I think it is foolish to insist upon labeling something as complicated as U.S. policy toward Syria since 2011 as simply a "success" or "failure." For anything that complex there will rarely be a clear verdict, and except in the extreme cases, the any policy will be a mix of successful and unsuccessful elements. But this successful element of Obama's Syria policy, I think, gets too little attention:
Judis: What’s your assessment of the Obama administration’s intervention in Syria. How has it gone? Is it a success or a failure?
Landis: You know, I think that in one important respect, it’s a success. That’s because he kept his foot on the brakes and resisted what he has called “the playbook” of foreign policy circles in Washington, which is to get sucked into these civil wars in the Middle East. There is no way that the United States was going to solve the Syria Problem in any constructive way – and just keeping us out of it to the extent he did was a boon.
Everyone wanted us to solve their Syria problem, whether it was Lebanon or Israel or Turkey or Iraq, because they couldn’t figure out how to do it themselves. Saudi Arabia, the Gulf countries, they all had different visions of who we should be helping and what kind of Syria would come out of the other end of the meat grinder. And had the United States gotten in there, it would not have made a better sausage. We’ve seen that regime change has been a bad idea.
Americans (and even some non-Americans) seem to have this unshakable belief that the U.S. military is inherently a force for good and they assume that any time the U.S. military gets involved in a problem it will necessarily improve the situation. For the past 50 years there have been numerous instances of U.S. military intervention around the world and almost none of those examples support this belief. However noble our intentions, it seems clear to me that sending the U.S. military into an ongoing conflict rarely solves the problem and often makes it worse.

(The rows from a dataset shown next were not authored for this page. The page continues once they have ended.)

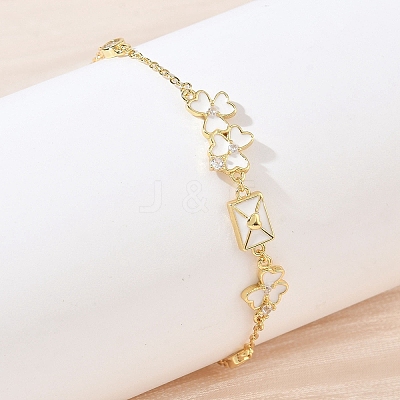 Brass Pave Clear Cubic Zirconia Clover Envelope Link Bracelets KK-CBA6980-18G-1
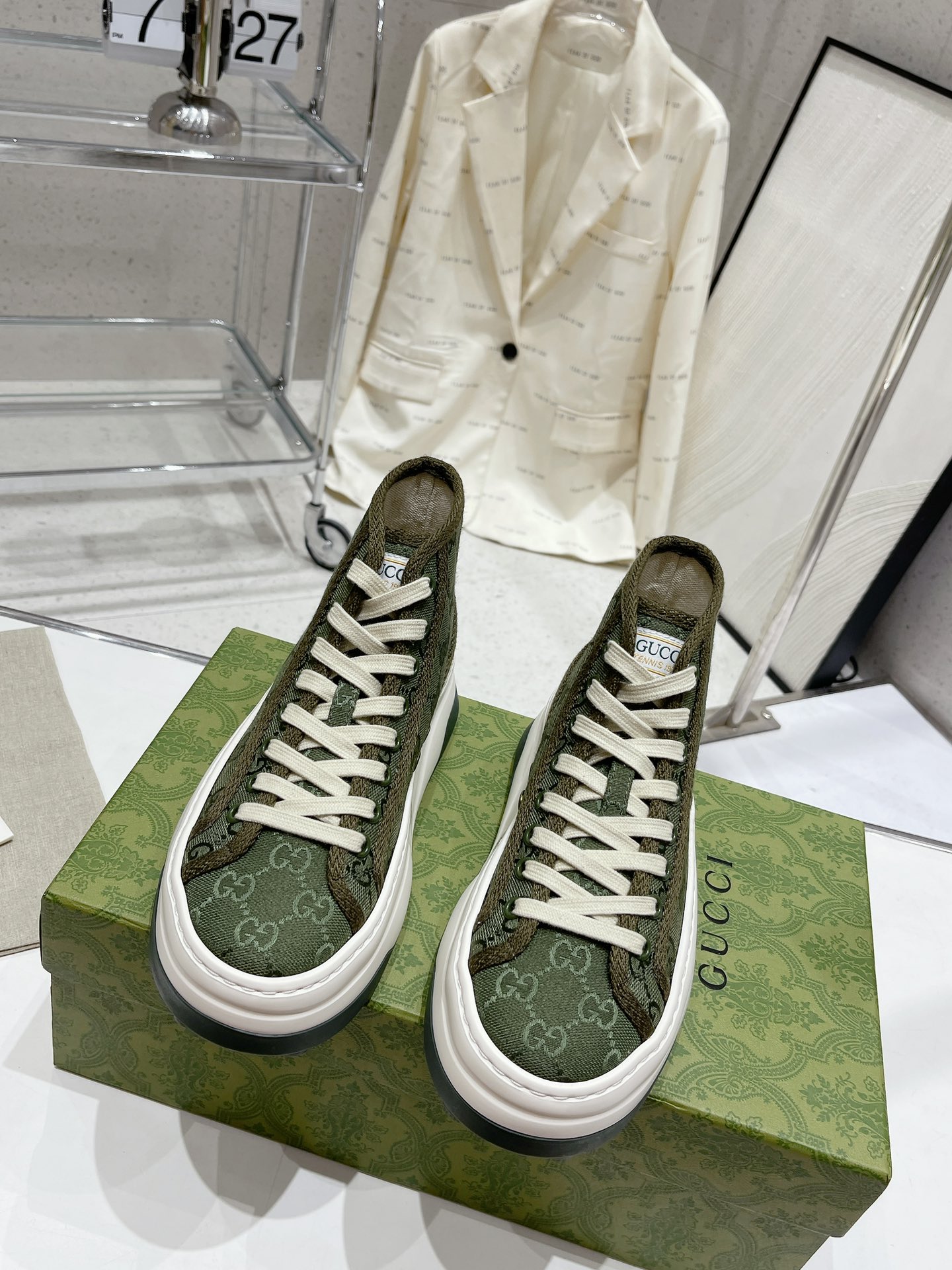 Gucci Explosive Presbyopia Canvas Casual Platform Shoes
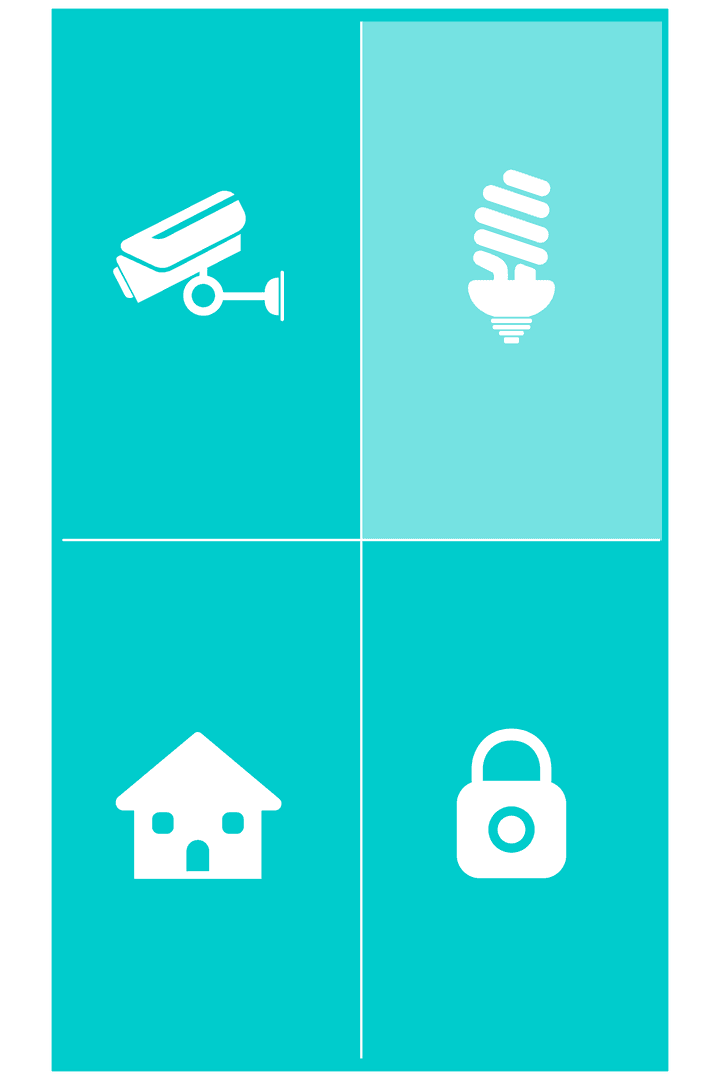 Transparent Security Concept Icons on Turquoise Smartphone Screen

The fact that Obama repeatedly resisted calls for greater intervention in the Syrian civil war is really to his credit. Very few foreign policy wonks view that as an accomplishment, but that is because they are comparing the current horrible state of Syria with their fantasy of what they imagine might have been if the U.S. went in and did everything exactly right this time. There really is no reason to believe that is how things would have gone down. And there are plenty of recent historical examples that suggest that the outcome would probably not be so rosy.